The lessor gave notice to the lessee to vacate the premises,
despite
the fact that the breach was cured thereafter. In the court a quo,
the lessee had argued that in the circumstances the
reliance on the
right to cancel, where the default was through no fault of the
lessee, was manifestly unreasonable and contrary
to public policy.
The court a quo upheld the defence, considering that the principle
that agreements should be honoured was no
longer good law.
[29]
On appeal to this court, the court found that the breach clause was
not itself contrary to policy; there had been equality
of bargaining
power in so far as the parties were concerned; timely performance had
been possible (the lessee should have monitored
the performance of
its bank) and the agreement had been entered into freely. The appeal
was thus upheld and the lessee was ordered
to vacate the premises.
[30]
Mathopo JA, writing for the court, said (para 21) that what had to be
decided was whether the ‘implementation’
of the breach
clause was manifestly unreasonable or unfair ‘to the extent
that it is contrary to public policy’. This,
he said, called
for a ‘balancing act and weighing up of two considerations,
namely the principle of
pacta sunt servanda
and the
considerations of public policy, including of course constitutional
imperatives’.
[31]
Mathopo JA cited a passage in
Sasfin (Pty) Ltd v Beukes
1989
(1) SA 1
(A), in which the majority held that a term that was
unconscionable would not be enforced. Smalberger JA, for the
majority, referred
(at 8I-9A) to the judgment of Innes CJ in
Eastwood
v Shepstone
1902 TS 294
at 302:
‘
Now this Court has the power to
treat as void and to refuse in any way to recognise contracts and
transactions which are against
public policy or contrary to good
morals.
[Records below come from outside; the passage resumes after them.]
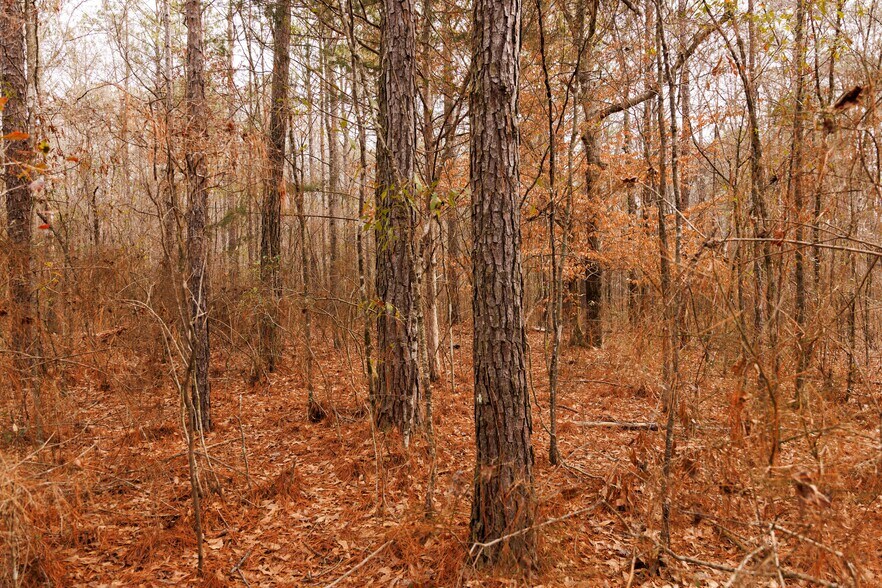 More Photos Of Jug Factory Road, Wetumpka Land For Sale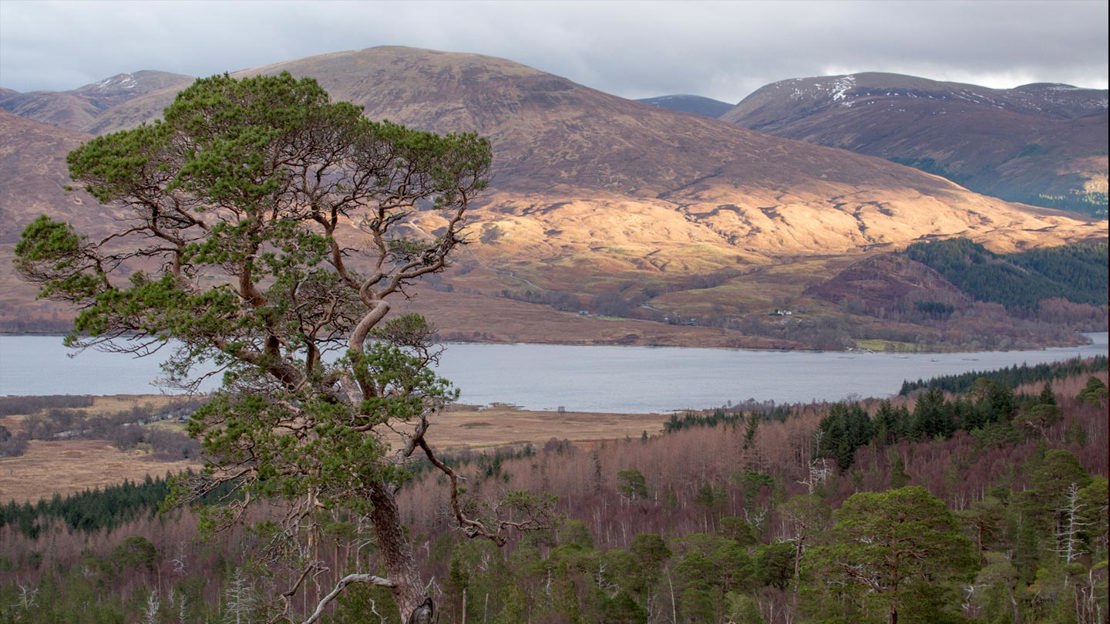 Granny Scots pine at Loch Arkaig Granny Scots pine at Loch Arkaig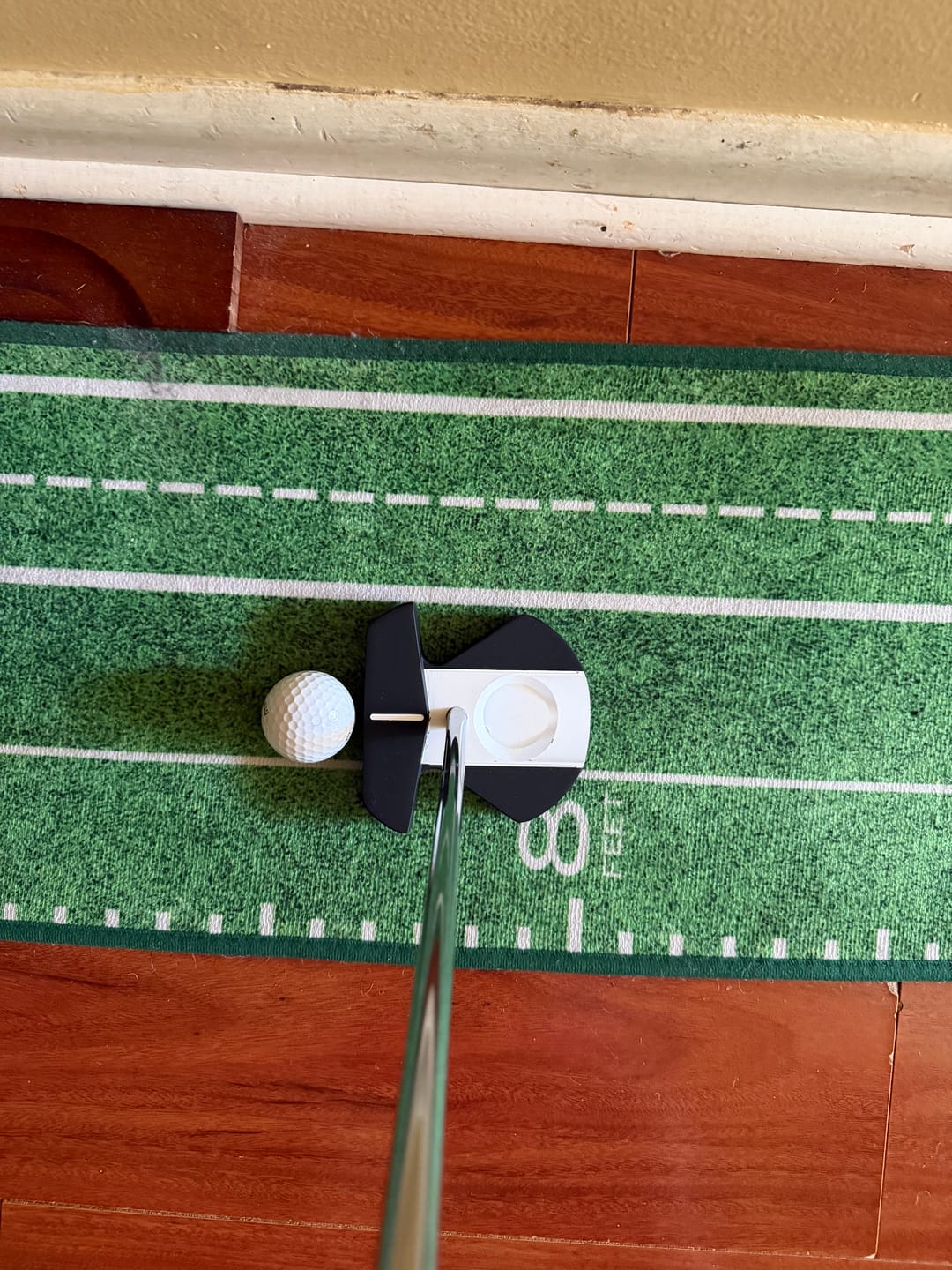 Customer photo review of Zero T ZT-4 Putter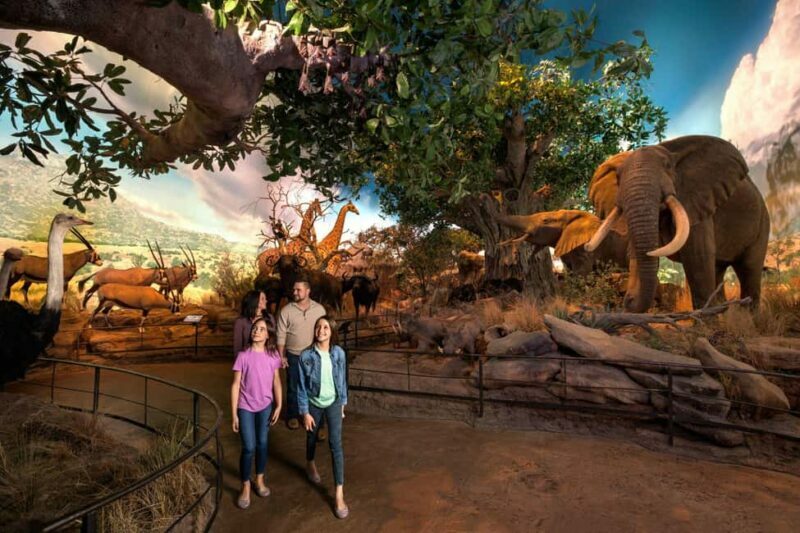 Springfield: Wonders of Wildlife National Museum & Aquarium - An In-Depth Look at the Wonders of Wildlife Experience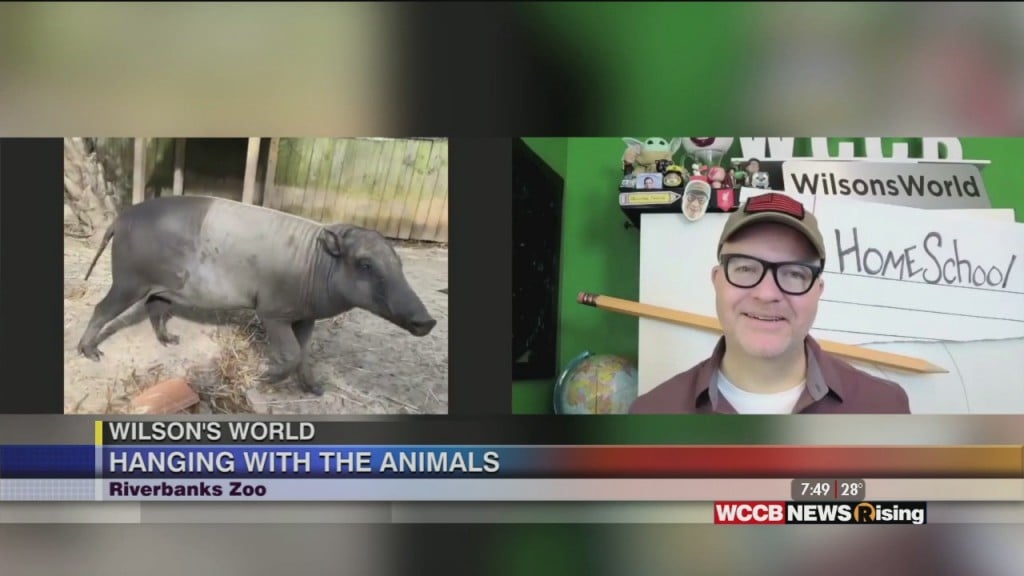 Wilson's World H Omeschool: Learning About The Babirusa At The Riverbanks Zoo In Columbia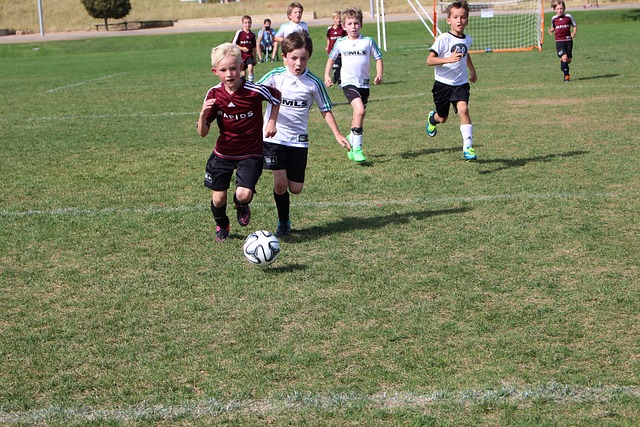 奇的投篮总 奇的投篮总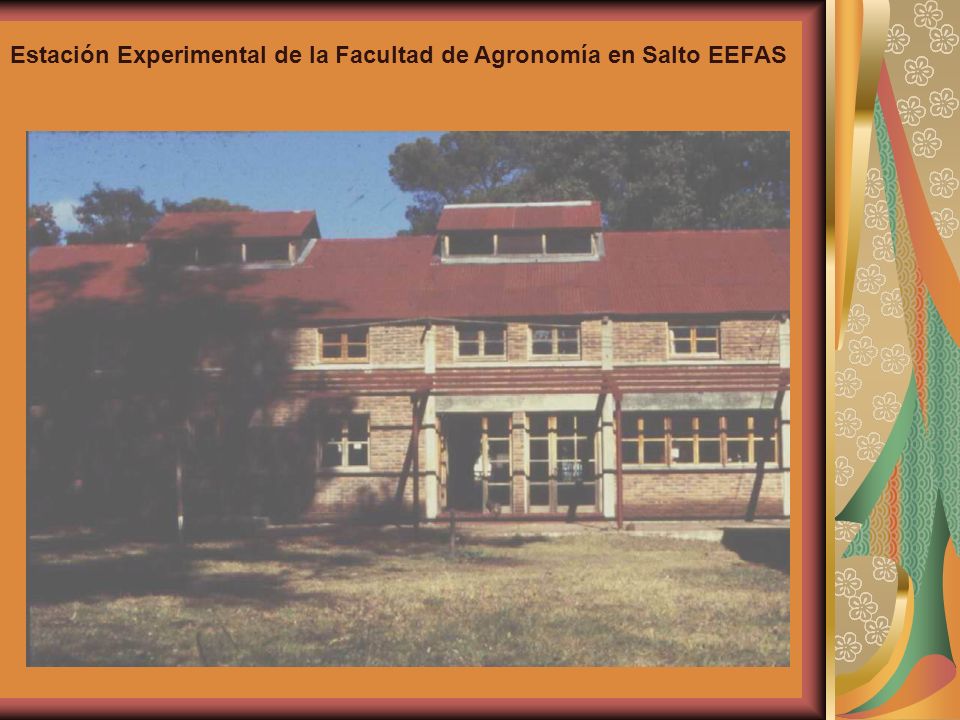 Estación Experimental de la Facultad de Agronomía en Salto EEFAS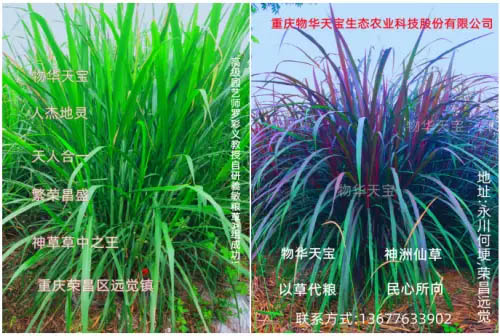 家猪变野猪——让动物吃上豪华自助餐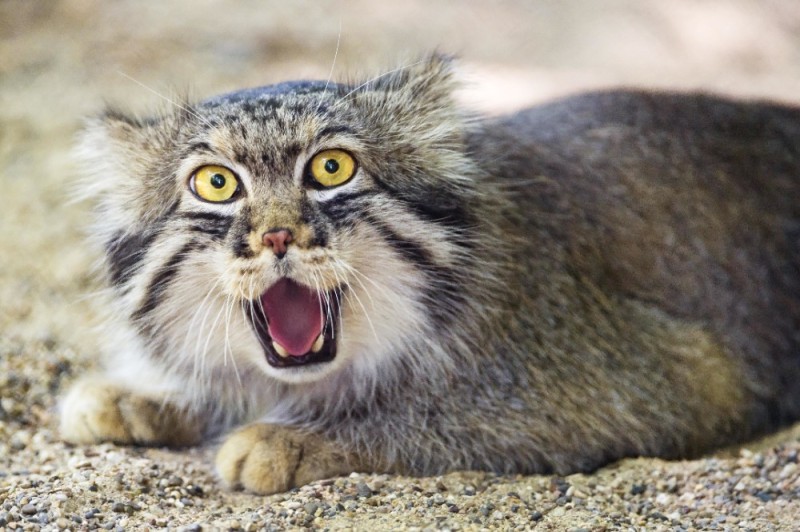 Create meme: wild cat manul, manul is evil, forest cat manul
It is a power not to be hastily or rashly exercised; but when
once it is clear that any
arrangement is against public policy, the
Court would be wanting in its duty if it hesitated to declare such an
arrangement void.’
[32]
Smalberger JA continued (at 9A-C):
‘
No court should therefore
shrink from the duty of declaring a contact contrary to public policy
when the occasion so demands. The
power to declare contracts contrary
to public policy should, however, be exercised sparingly and only in
the clearest of cases,
lest uncertainty as to the validity of
contracts result from an arbitrary and indiscriminate use of the
power. One must be careful
not to conclude that a contract is
contrary to public policy merely because its terms (or some of them)
offend one’s individual
sense of propriety and fairness.’
The court in
Sasfin
referred
also (at 9G-H) to the statement of Stratford CJ in
Jajbhay v
Cassim
1939 AD 537
at 544 that ‘public policy should
properly take into account the doing of simple justice between man
and man’.
[33]
But as Mathopo JA held in
Mohamed
, following Harms DP in
Bredenkamp
, the Constitutional Court in
Barkhuizen
did
not introduce a principle that the enforcement of a valid term must
‘be fair and reasonable even if no public policy consideration
found in the Constitution or elsewhere is implicated’ (
Mohamed
para 25 and
Bredenkamp
para 50). Had it been otherwise,
said Harms DP, Ncgobo J would not have said in
Barkhuizen
,
para 57):
‘
Self-autonomy, or the ability
to regulate one’s own affairs, even to one’s own
detriment, is the very essence of freedom
and a vital part of
dignity. The extent to which the contract was freely and voluntarily
concluded is clearly a vital factor as
it will determine the weight
that should be afforded to the values of freedom and dignity. The
other consideration is that all
persons have a right to seek judicial
redress.’
[34]
The issue remains one of public policy, therefore, as was found in
Mohamed’s
. This court held that there were no policy
considerations that rendered the lease unenforceable. Most recently,
this court in
A B v Pridwin Preparatory School
[2018] ZASCA
150
;
2019 (1) SA 327
(SCA) has set out the principles governing
private contracts and public policy as follows (para 27):
‘
The relationship between
private contracts and their control by the courts through the
instrument of public policy, underpinned
by the Constitution, is now
clearly established. It is unnecessary to rehash all the learning
from our courts on this topic. It
suffices to set out the most
important principles to be gleaned from them:
(i)
Public policy demands that contracts freely and consciously
entered into must be honoured;
(ii)
A court will declare invalid a contract that is prima facie
inimical to a constitutional value or principle, or otherwise
contrary
to public policy;
(iii)
Where a contract is not prima facie contrary to public policy,
but its enforcement in particular circumstances is, a court will not
enforce it;
(iv)
The party who attacks the contract or its enforcement bears
the onus to establish the facts;
(v)
A court will use the power to invalidate a contract or not to
enforce it, sparingly, and only in the clearest of cases in which
harm to the public is substantially incontestable and does not depend
on the idiosyncratic inferences of a few judicial minds;
(vi)
A court will decline to use this power where a party relies
directly on abstract values of fairness and reasonableness to escape
the consequences of a contract because they are not substantive rules
that may be used for this purpose.’ (Footnotes omitted.)
[35]
Thus although fairness and reasonableness inform policy they are not
self- standing principles. And there are competing policy
considerations, in particular, the need for certainty in commerce.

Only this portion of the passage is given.